A side note for compatibility of code with pytorch 1.0 and 1.1: it seems like using in-place operations for tensors that lead to the training loss obj_per_accum can give rise to error messages such as RuntimeError: one of the variables needed for gradient computation has been modified by an inplace operation in pytorch v1.0 or v1.1, that doesn't have the in-place correctness checks implemented for version >= 1.2. This can be prevented by in-place operations with equivalent operations that create new tensors, in particular the lines that have in-place operations on loss in run_epoch of main.py. Namely use:

        indices = torch.arange(batch_data.shape[0]).view(-1, 1).to(device)  # [T, 1]
        loss_mask = indices >= lengths.view(1, -1)  # [T, B]
        loss_mask = loss_mask[:, :, None].repeat(1, 1, loss_.shape[-1])  # [T, B, s]
        
        loss = loss * (1 - loss_mask.float())
        kl_loss = kl_loss * (1 - loss_mask.float())

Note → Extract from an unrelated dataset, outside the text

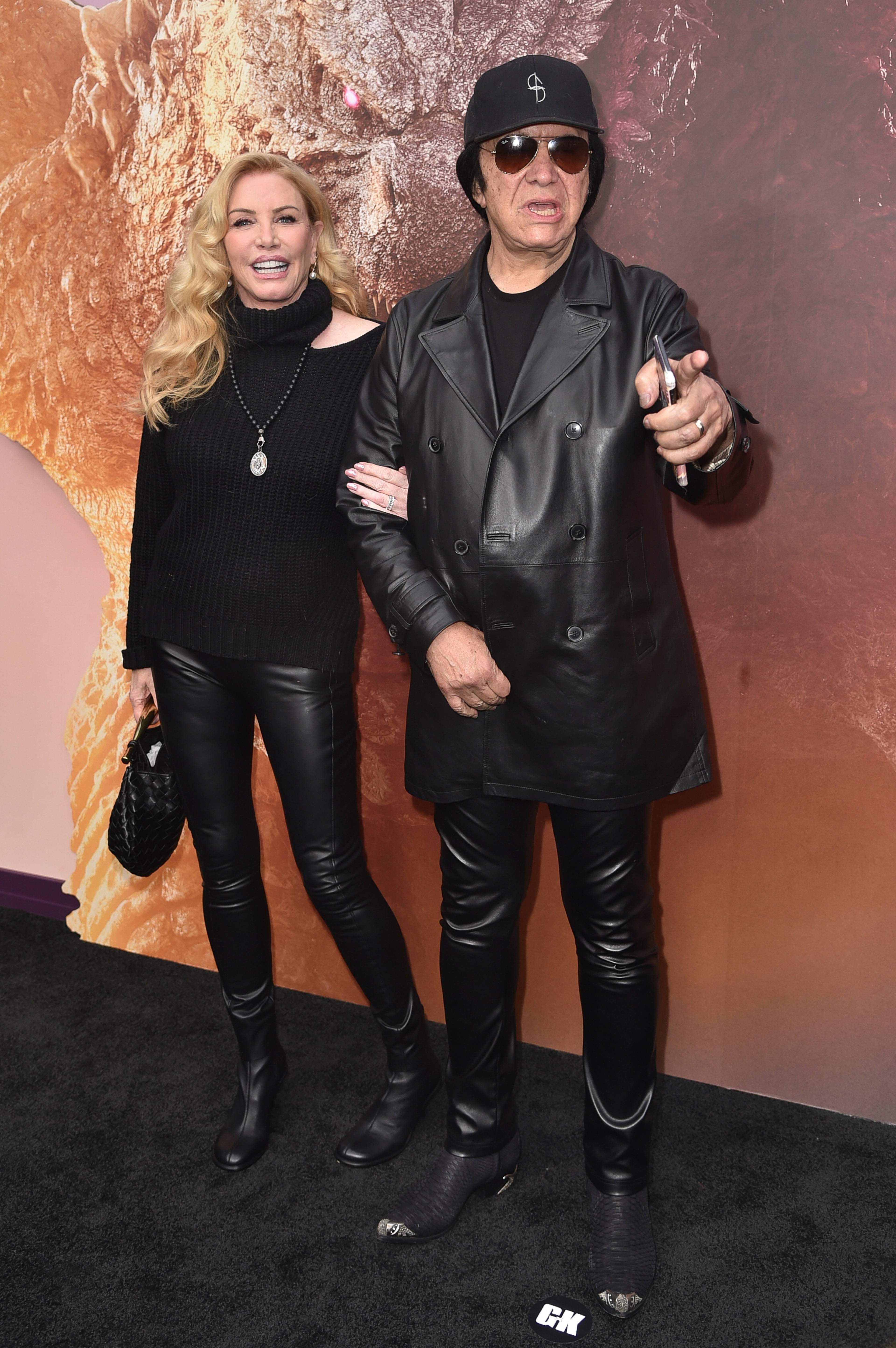 Gene Simmons (right) and wife Shannon Tweed arrive at the premiere of "Godzilla x Kong: The New Empire," March 25, 2024, in Los Angeles. (Richard Shotwell/Invision/AP)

instead of the original code:

TextFlow/main.py

Lines 53 to 58 in 0eb8552

indices = torch.arange(batch_data.shape[0]).view(-1, 1).to(device)
loss_mask = indices >= lengths.view(1, -1)
loss_mask = loss_mask[:, :, None].repeat(1, 1, loss.shape[-1])
loss[loss_mask] = 0
kl_loss[loss_mask] = 0

In general, I think it's recommended not to use in-place operations for autograd although for pytorch >= 1.2 the in-place correctness checks do confirm that you are getting correct gradients when there is no error message

yhgon commented

thanks for your confirmation and guide. I'll try it.